Rebel, Rebel: My review of Rouge one A Star Wars Story.

As a kid, it’s no secret like many, I was obsessed with Star Wars. I loved imaging the backstories of the characters and would create my own, usually with my action figures. Watching Rouge One, the first entry outside of the official saga, it’s clear Gareth Edwards and Co are fans just like us.

Rouge one takes place between Episodes III and IV and focuses on Jyn Erso (Felicity Jones) whose father Galen Erso is captured and forced to build the weapon known as The Death Star. At the start, Jyn is a prisoner who’s recruited by the Rebel Alliance to contact her father and track down the plans. She’s joined by Cassian Andor (Diego Luna) a dedicated alliance officer with a checkered sense of loyalty, K-2SO (Alan Tudyk) a re-programmed Imperial droid who provides much of the humor, Bodi ( Riz Ahmed) a defecting Imperial pilot, and Chirrut Imwe (Donnie Yen) and Baze Malbus, one a mystical force-worshipper and another his loyal side-kick. What makes Rouge One such a unique experience is how it explores a period never before seen in the franchise. It examines the tyranny and corruption of the Empire’s rule first-hand, and how the galaxies withheld such oppression. We also see the inner workings of the Empire and it’s politics via Orson Krennic (Ben Mendelssohn) as he attempts to utilize the Death Star for his own political advantage.

Where Rouge one also succeeds is in it’s visuals and set-pieces. Gareth Edwards dutifully captures Luca’s lived-in gritty aesthetic but still manages to contain a modern look to it. He handles the action with energy, rawness but clarity as well. The final battle on the tropical island of Sarkiff is a highlight for the franchise and there are some truly excellent space battles as well.
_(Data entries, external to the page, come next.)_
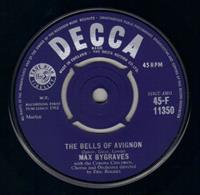 THE BELLS OF AVIGNON / TIN PAN ALLEY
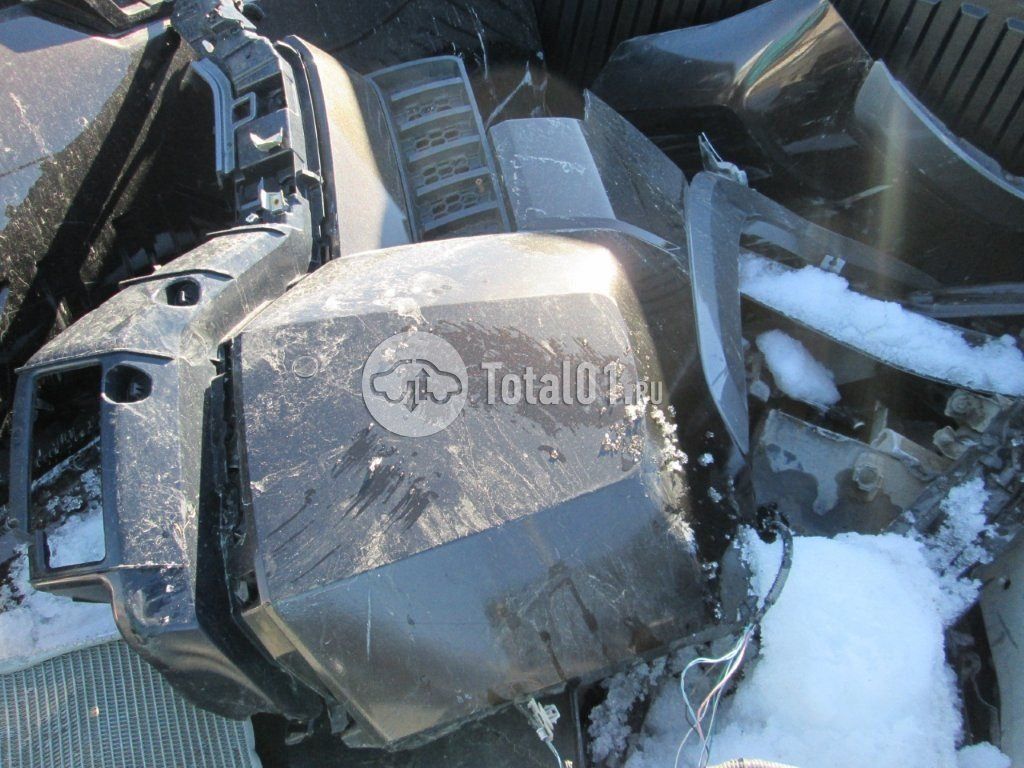 Фото Toyota Tundra 80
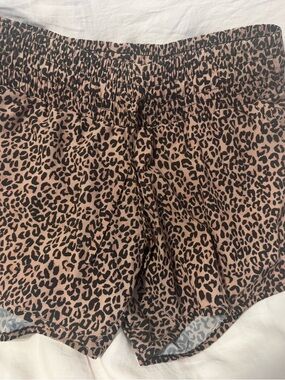 Albion Fit Lunge Shorts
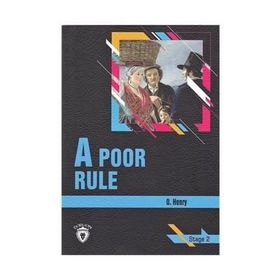 A POOR RULE (STAGE 2) - O. HENRY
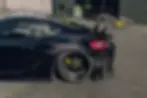Porsche Cayman RSR 981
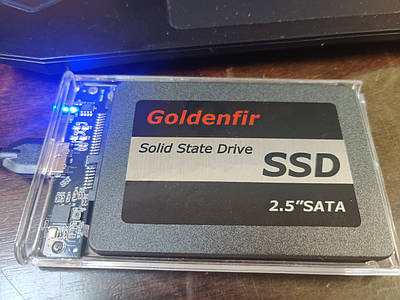 Goldenfir ssd - купити недорого, Prom.ua: ціни, акції і
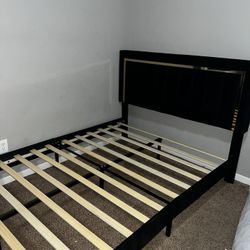 Bed Frame 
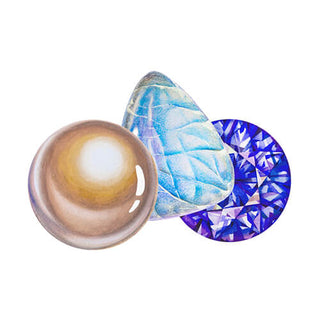 Pearls, Moonstone and Alexandrite: June Birthstone, History And Meaning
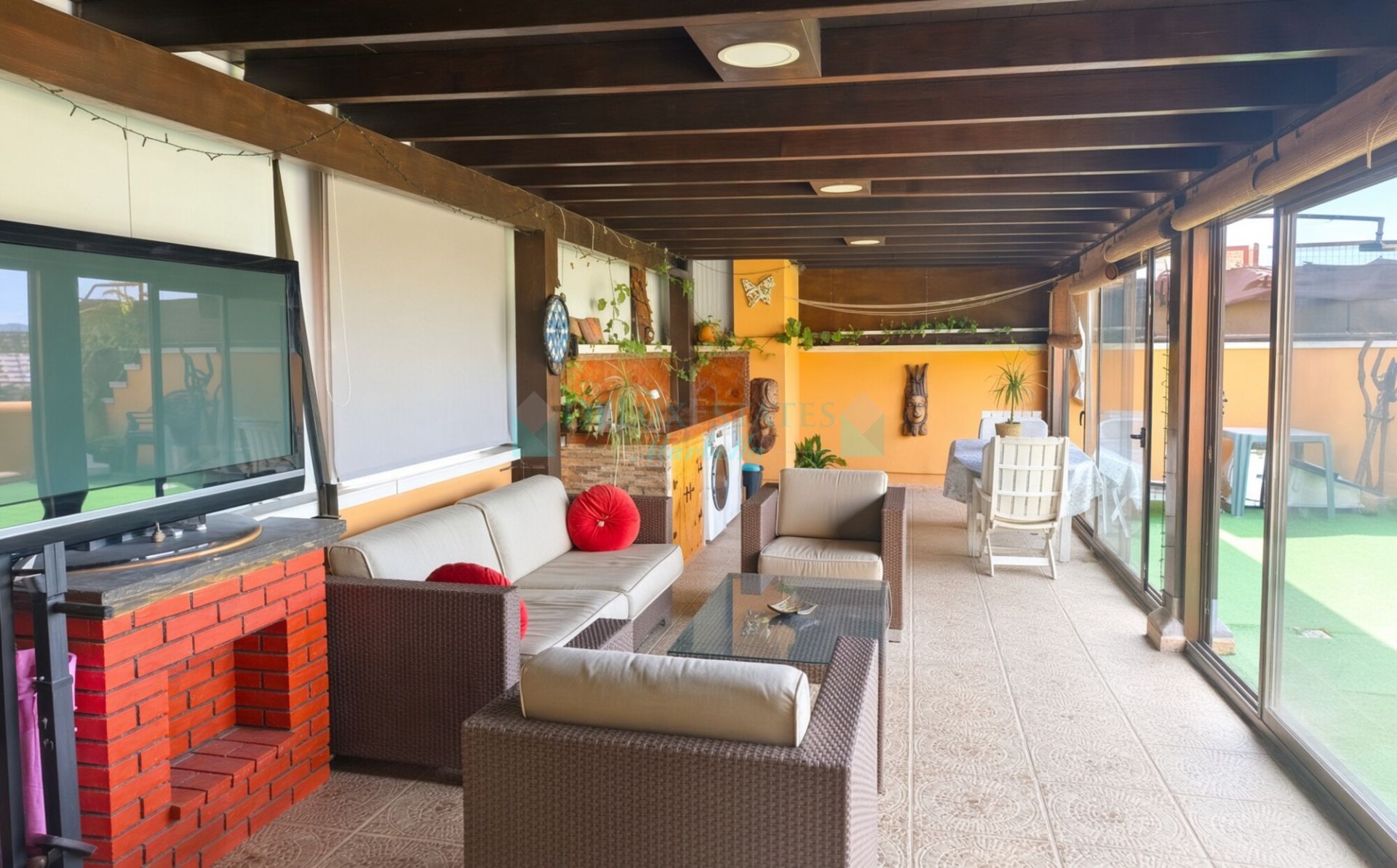 Penthouse for sale in Calvario, Estepona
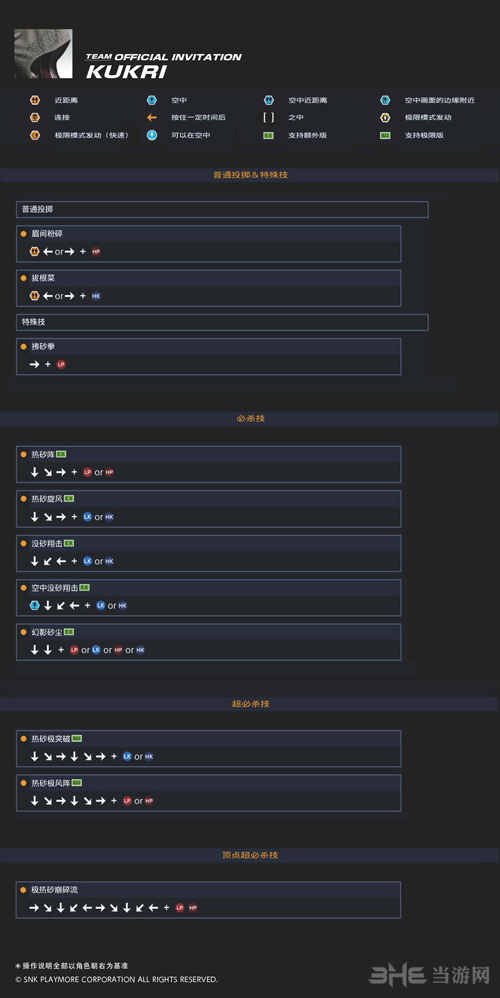 拳皇14库克里图片2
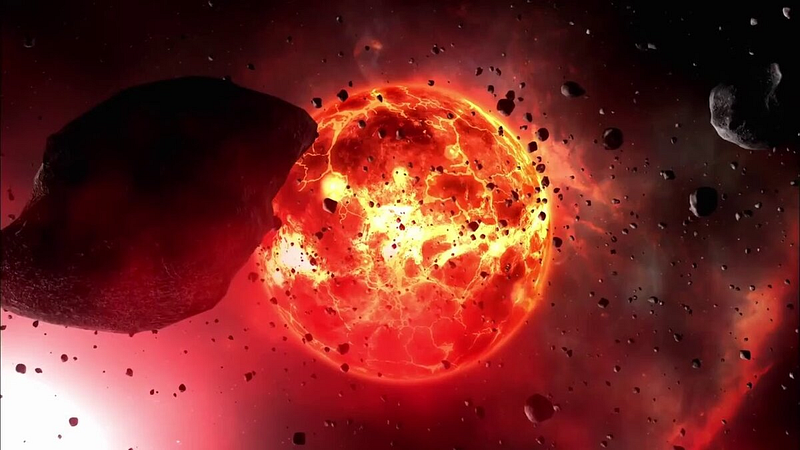 Formation process of Earth's core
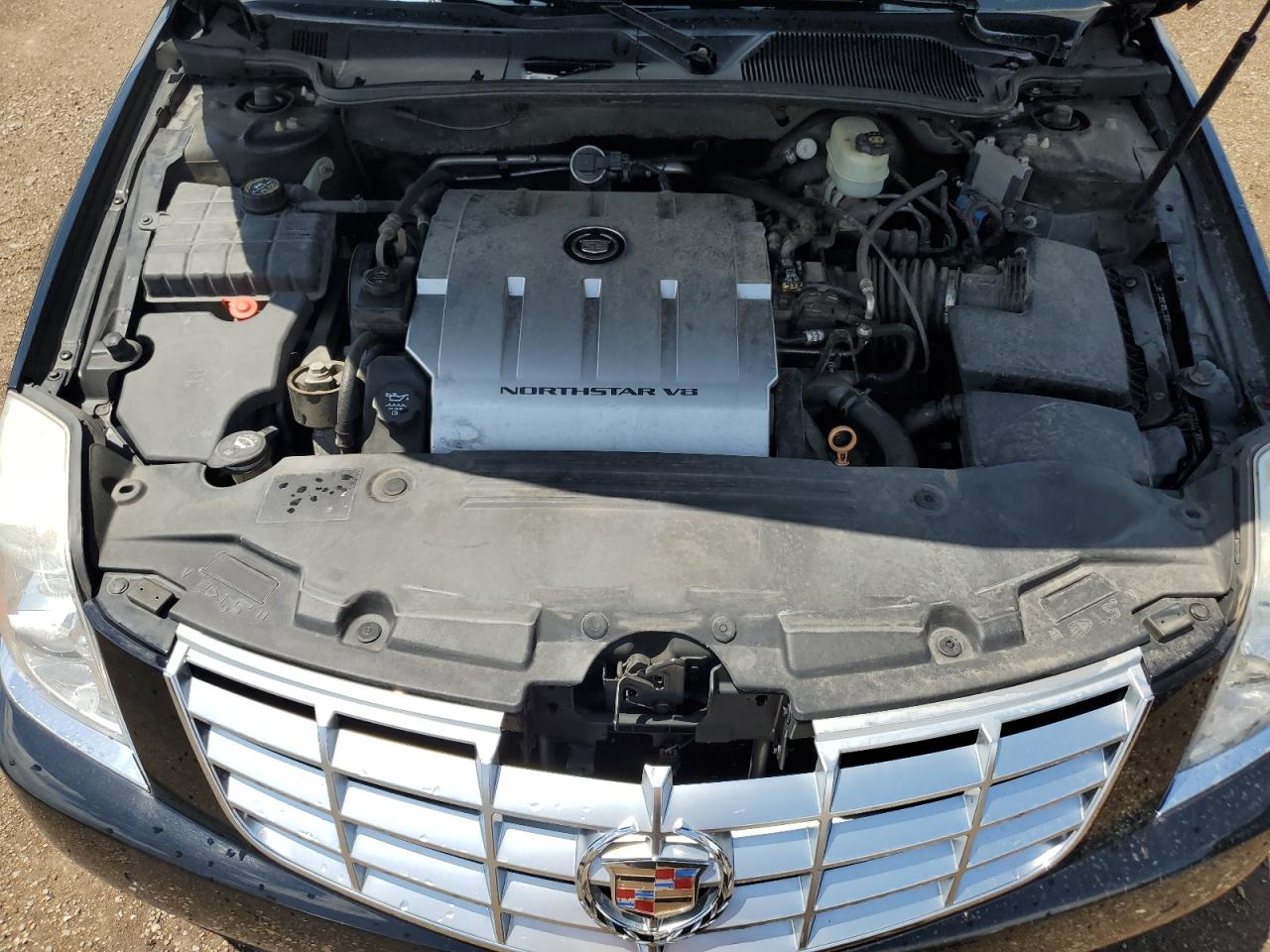 2011 Cadillac Dts Luxury Collection VIN: 1G6KD5E66BU141659 Lot: 61339595
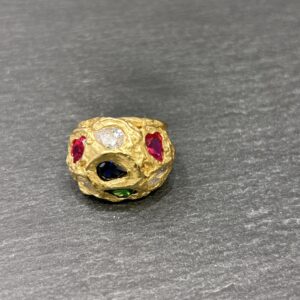 BAGUE FRAGMENTS MULTI - ASTREE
Rogue one’s action also feels a bit more urgent than that of TFA, the stakes still feel high despite knowing the outcome.

In terms of characters, Rouge One may not be as iconic as TFA but it still manages to contain some effective performances and enjoyable characters. Felicity Jones shines as Jyn Erso, providing her with the right amount of intensity, vulnerability, and humanity. Luna’s Andor isn’t the most charismatic addition but he instills him with an authority and ambiguity that makes him more fascinating. K-2SO is an achievement as Tudyk instills humor, sympathy and cool into what could’ve been a Jar-Jar esque character. Mendelssohn is wonderfully over the top as Krennic, he oozes arrogance and smarminess. Donnie Yen’s Chirrut is a good mix of cheeky and mysterious and Jiang Wen’s Blaze is a fitting foil. Riz Ahmed is fine as Bodi but I couldn’t help feel his character was underutilized at times. Forrest Whitaker as Saw Gerrera, a ruthless rebel extremist, is haunting and maniacal yet tortured as well, (though I wish his screen-time was longer). Last but certainly not least yes Darth Vader is in this movie and yes he is just how you remembered him ( one scene towards the end had me in chills).

Crafting a spin-off from the Star Wars franchise was always going to be a risky move. Rouge One could’ve easily fallen on its face or worse tarnished the legacy of A New Hope. Thankfully it manages to be a thrilling, emotional, and cinematic entry for the saga. It isn’t perfect, sometimes it could use more development of its characters and it does lack some of TFA’s heart and polish but like it’s protagonists, Rouge One is scrappy, powerful and accomplishes it’s mission despite the odds. My rating 8.5/10.